Closed hemna closed 6 years ago
right, what config are you using?
BOX = 'opensuse/openSUSE-42.3-x86_64'
INSTALLATION = 'salt'
CONFIGURATION = 'tiny'
?
yep.
do you use a fresh master?
it was fixed with https://github.com/openSUSE/vagrant-ceph/commit/88adae6745be66cba4ebe9243d56420beb0fd2c9
#BOX = 'opensuse/openSUSE-42.2-x86_64'
#BOX = 'SLE12-SP2-migration'
#BOX = 'SLE12-SP3-qa'
#BOX = 'SUSE/SLE-12-SP3'
#BOX = 'opensuse/openSUSE-Tumbleweed-x86_64'
BOX = 'opensuse/openSUSE-42.3-x86_64'
# Set INSTALLATION to one of 'ceph-deploy', 'salt'
INSTALLATION = 'salt'
# Set CONFIGURATION to one of 'default', 'small', 'iscsi' or 'economical'
#CONFIGURATION = 'default'
CONFIGURATION = 'tiny'
#CONFIGURATION = 'dataonmon'
I also had to hack the lib/settings.rb to prevent the other issue I had filed.

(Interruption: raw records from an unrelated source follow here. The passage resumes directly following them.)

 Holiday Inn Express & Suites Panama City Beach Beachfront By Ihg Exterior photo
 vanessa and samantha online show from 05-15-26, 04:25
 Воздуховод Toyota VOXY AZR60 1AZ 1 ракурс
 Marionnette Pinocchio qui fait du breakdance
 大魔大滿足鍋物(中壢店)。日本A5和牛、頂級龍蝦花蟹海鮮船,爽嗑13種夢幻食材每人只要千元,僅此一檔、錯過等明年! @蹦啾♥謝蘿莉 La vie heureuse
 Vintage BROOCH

diff --git a/lib/settings.rb b/lib/settings.rb
index dc5fcb0..107607b 100644
--- a/lib/settings.rb
+++ b/lib/settings.rb
@@ -15,13 +15,13 @@ def common_settings(node, config, name)
end
def libvirt_settings(provider, config, name)

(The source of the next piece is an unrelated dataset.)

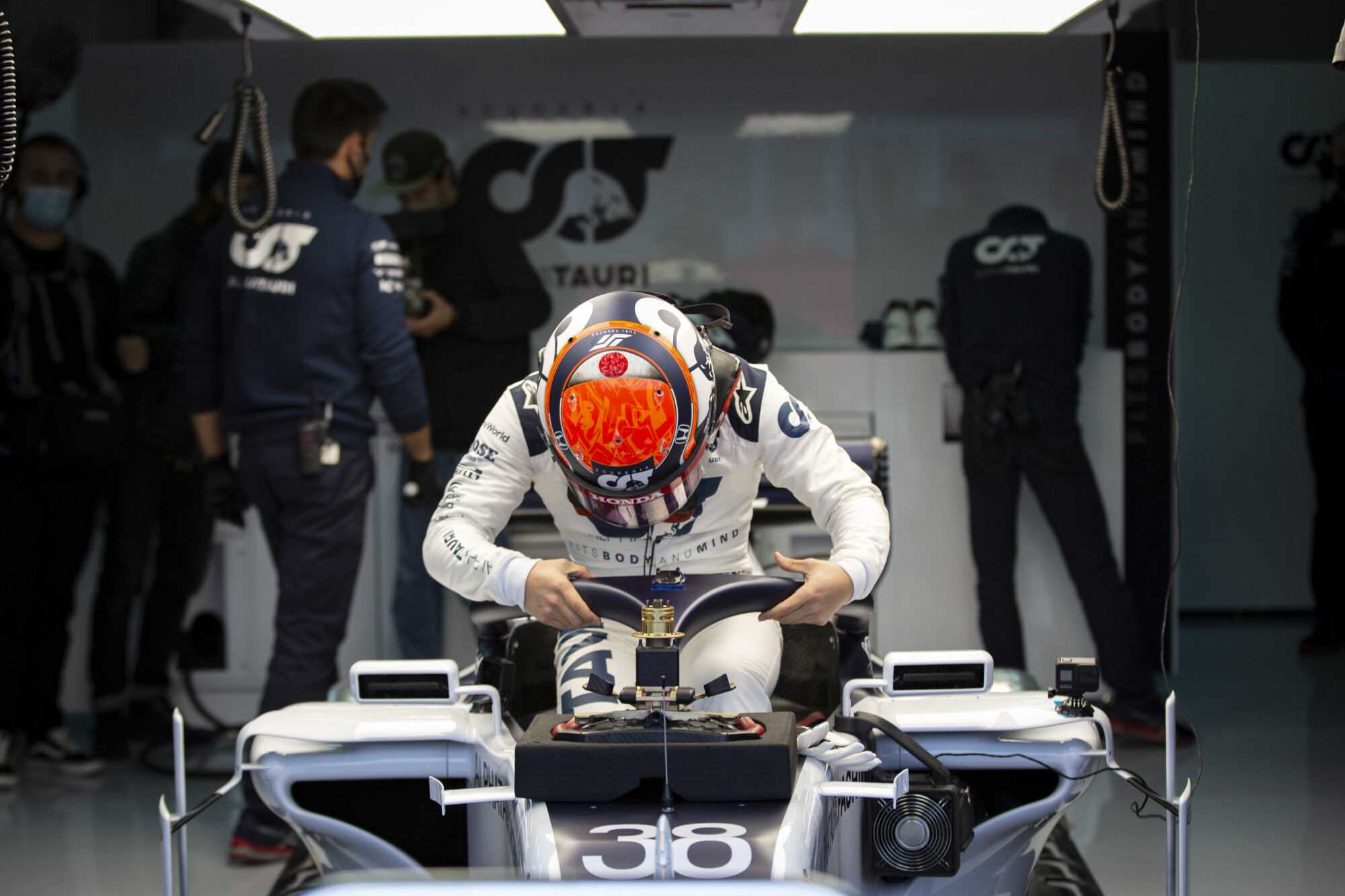 SI202011040581_hires_jpeg_24bit_rgb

- provider.host = 'localhost'
- provider.username = 'root'
+ #provider.host = 'localhost'
+ #provider.username = 'root'
# Use DSA key if available, otherwise, defaults to RSA
- provider.id_ssh_key_file = 'id_dsa' if File.exists?("#{ENV['HOME']}/.ssh/id_dsa")

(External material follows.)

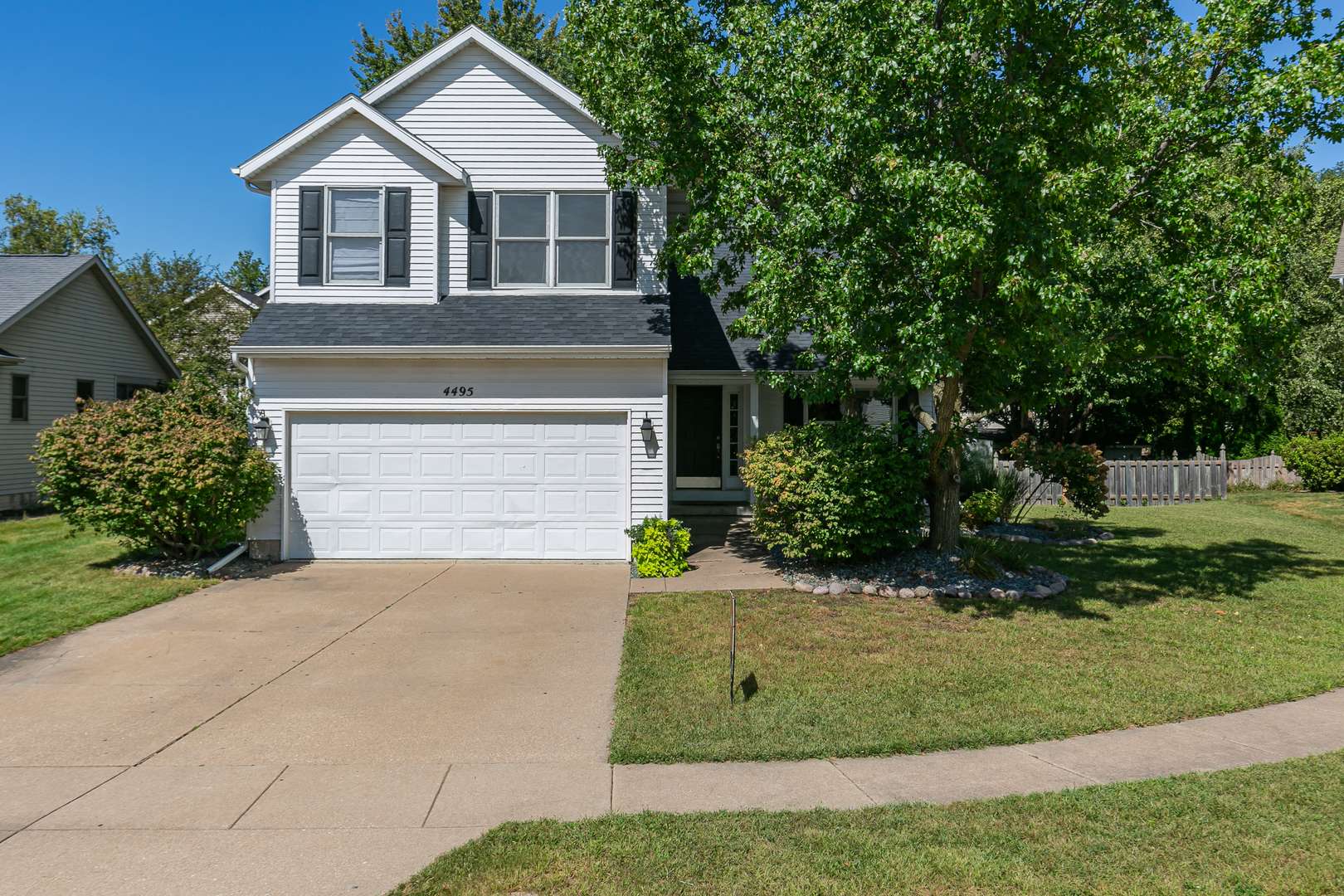 4495 34th Street CT, Bettendorf, IA 52722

- provider.connect_via_ssh = true
+# provider.id_ssh_key_file = 'id_dsa' if File.exists?("#{ENV['HOME']}/.ssh/id_dsa")
+# provider.connect_via_ssh = true
# Libvirt pool and prefix value
provider.storage_pool_name = 'default'
my local clone is up to date with github's master
ok, checking...
could you please meanwhile run salt-run state.orch ceph.stage.2
and maybe salt-run state.orch ceph.stage.2 --log-level=debug
to get more info on the error?
what does the prometheus-node_exporter's log say? Is there a pointer to the missing piece maybe?
no such option: --log-level
try to append a simple '-l debug'
ok, I can reproduce it. looks like something changed in the packages.
listing the journalctl logs...
Jan 29 18:23:55 admin systemd[1]: prometheus-node_exporter.service: Service hold-off time over, scheduling restart.
Jan 29 18:23:55 admin systemd[1]: Stopped Prometheus exporter for machine metrics.
Jan 29 18:23:55 admin systemd[1]: Started Prometheus exporter for machine metrics.
Jan 29 18:23:55 admin node_exporter[14757]: node_exporter: error: unknown short flag '-c', try --help
Jan 29 18:23:55 admin systemd[1]: prometheus-node_exporter.service: Main process exited, code=exited, status=1/FAILURE
Jan 29 18:23:55 admin systemd[1]: prometheus-node_exporter.service: Unit entered failed state.
Jan 29 18:23:55 admin systemd[1]: prometheus-node_exporter.service: Failed with result 'exit-code'.
Jan 29 18:23:55 admin systemd[1]: prometheus-node_exporter.service: Service hold-off time over, scheduling restart.
Jan 29 18:23:55 admin systemd[1]: Stopped Prometheus exporter for machine metrics.
Jan 29 18:23:55 admin systemd[1]: Started Prometheus exporter for machine metrics.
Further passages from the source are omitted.